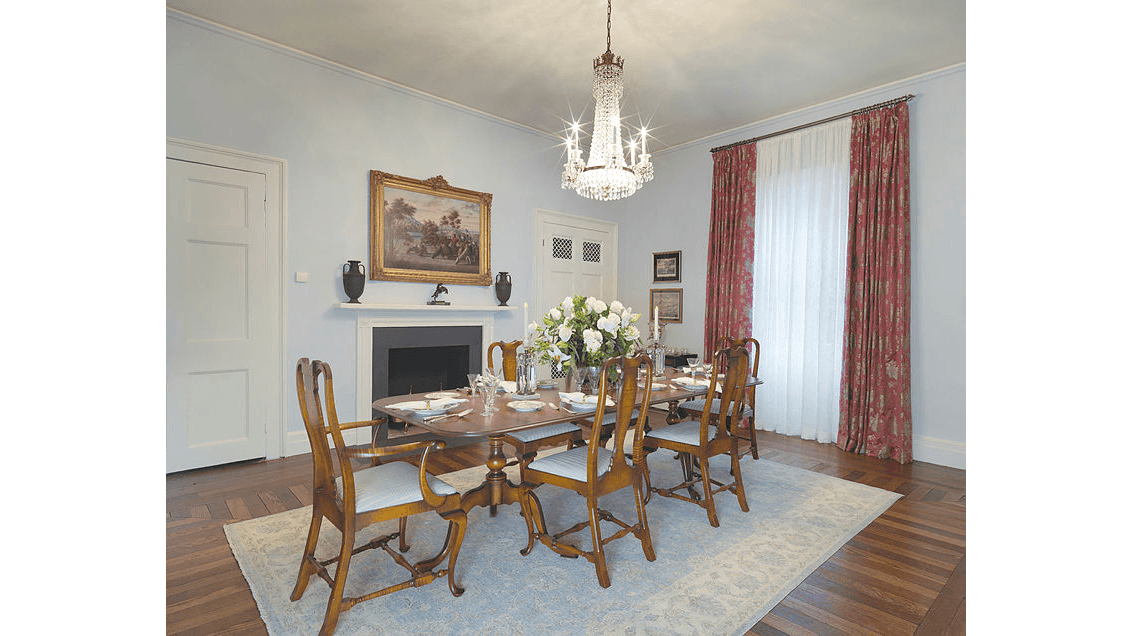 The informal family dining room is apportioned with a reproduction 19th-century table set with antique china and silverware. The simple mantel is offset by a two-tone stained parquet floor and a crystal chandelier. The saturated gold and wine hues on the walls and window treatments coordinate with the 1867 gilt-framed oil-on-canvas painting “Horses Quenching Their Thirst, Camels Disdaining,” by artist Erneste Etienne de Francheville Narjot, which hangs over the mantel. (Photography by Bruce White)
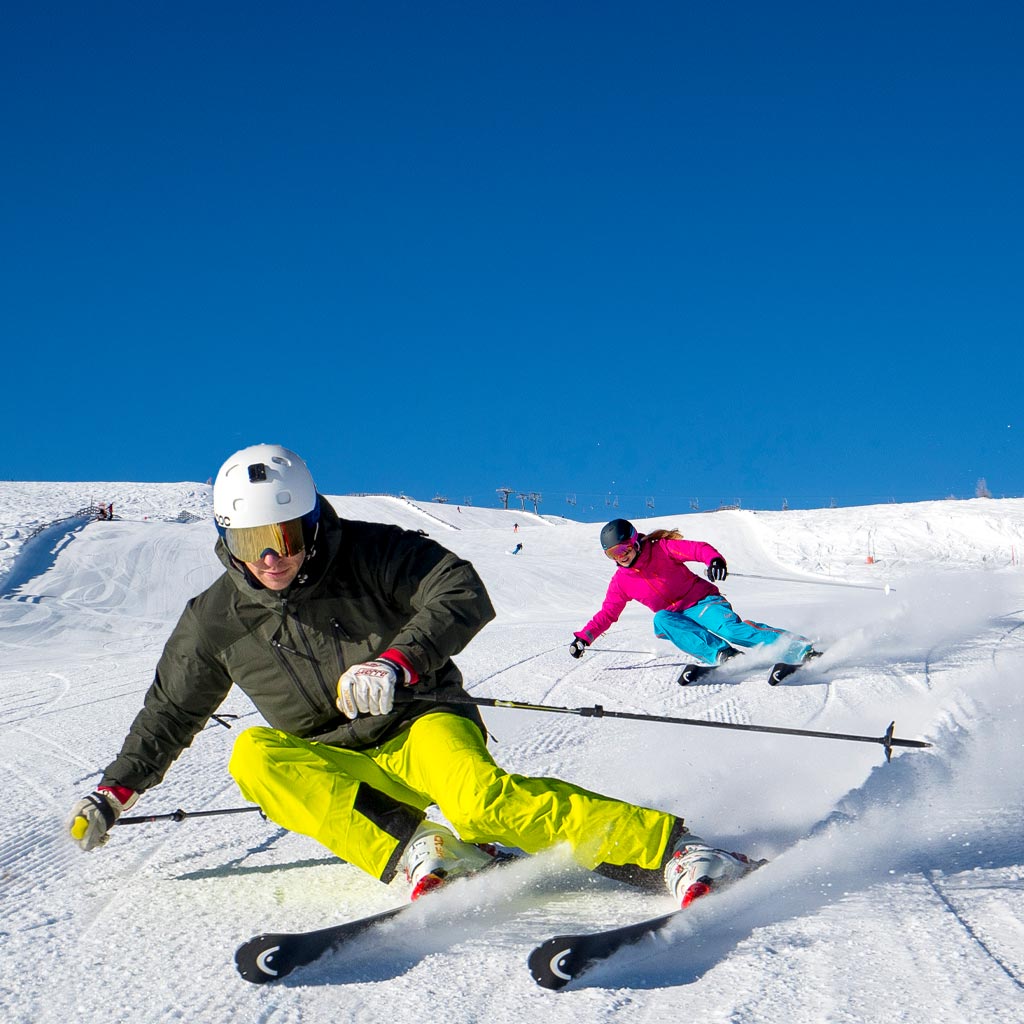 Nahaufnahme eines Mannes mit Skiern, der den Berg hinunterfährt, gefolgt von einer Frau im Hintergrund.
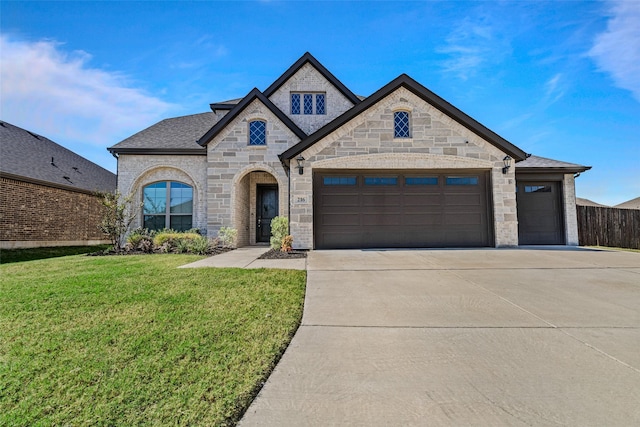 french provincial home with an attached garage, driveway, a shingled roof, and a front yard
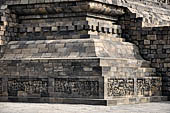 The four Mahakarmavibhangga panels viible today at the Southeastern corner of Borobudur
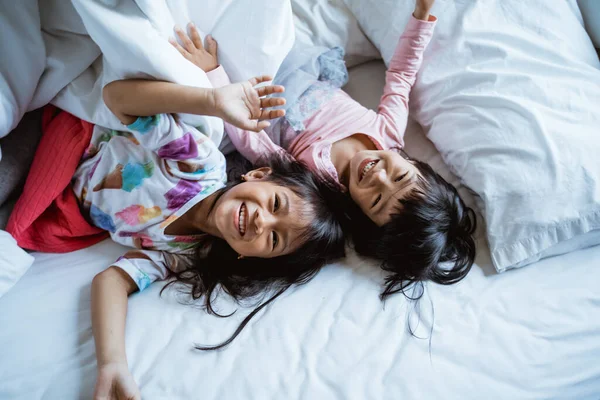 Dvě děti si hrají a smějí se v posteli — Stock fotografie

---

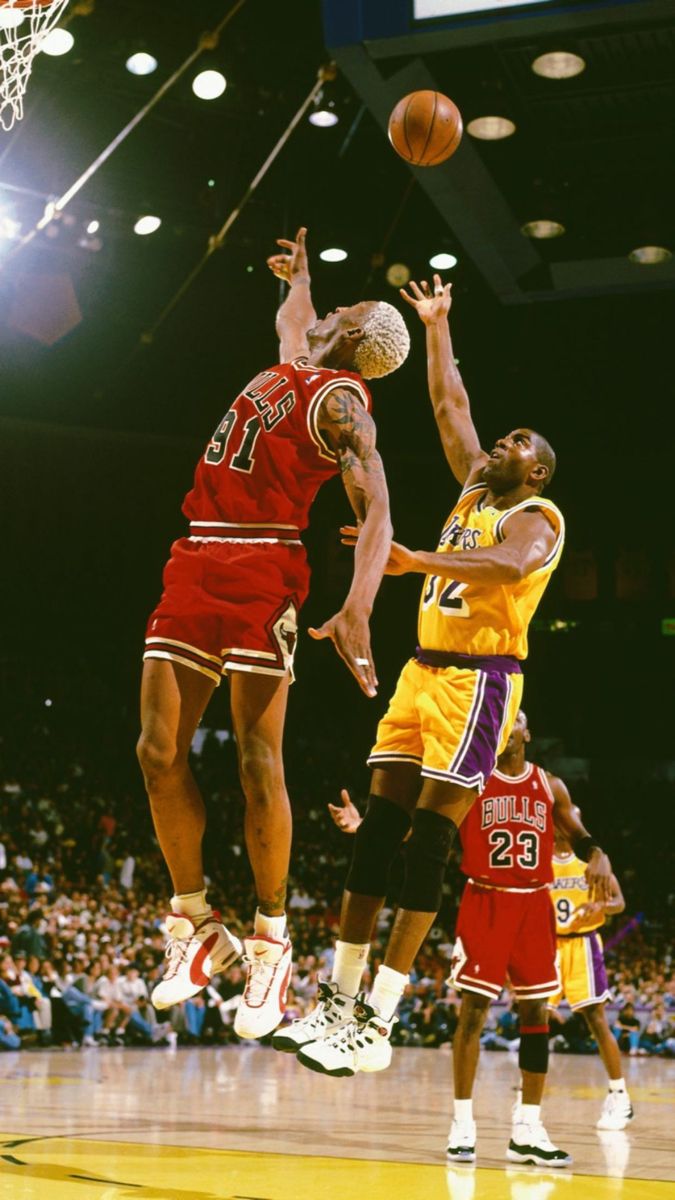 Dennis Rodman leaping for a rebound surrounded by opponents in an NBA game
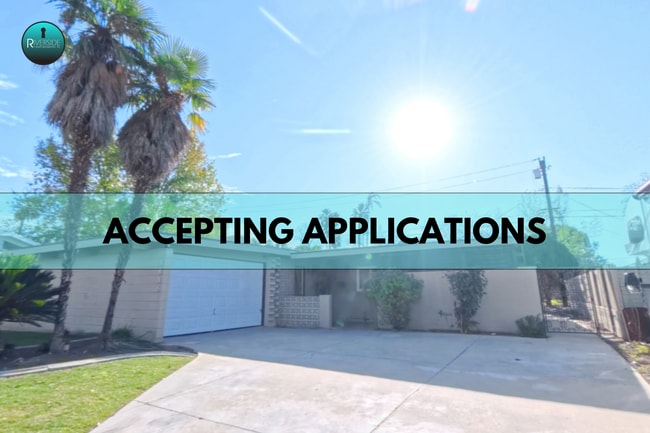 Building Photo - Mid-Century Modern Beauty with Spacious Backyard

» Prompt:
Excerpt from the records above: set down only the lines from the one that contains "The informal family" through the one that contains "Dvě děti si", inclusive, word for word. Pictures stay out.

» Solution for this problem:
 The informal family dining room is apportioned with a reproduction 19th-century table set with antique china and silverware. The simple mantel is offset by a two-tone stained parquet floor and a crystal chandelier. The saturated gold and wine hues on the walls and window treatments coordinate with the 1867 gilt-framed oil-on-canvas painting “Horses Quenching Their Thirst, Camels Disdaining,” by artist Erneste Etienne de Francheville Narjot, which hangs over the mantel. (Photography by Bruce White)
 Nahaufnahme eines Mannes mit Skiern, der den Berg hinunterfährt, gefolgt von einer Frau im Hintergrund.
 french provincial home with an attached garage, driveway, a shingled roof, and a front yard
 The four Mahakarmavibhangga panels viible today at the Southeastern corner of Borobudur
 Dvě děti si hrají a smějí se v posteli — Stock fotografie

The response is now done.